* **Data block**
──────────────────────────────
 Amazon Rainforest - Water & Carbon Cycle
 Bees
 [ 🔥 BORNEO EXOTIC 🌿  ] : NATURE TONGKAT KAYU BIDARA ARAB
──────────────────────────────
* **Task statement**
Set every line of the listing down word for word.

* **Exercise solution**
 Amazon Rainforest - Water & Carbon Cycle
 Bees
 [ 🔥 BORNEO EXOTIC 🌿  ] : NATURE TONGKAT KAYU BIDARA ARAB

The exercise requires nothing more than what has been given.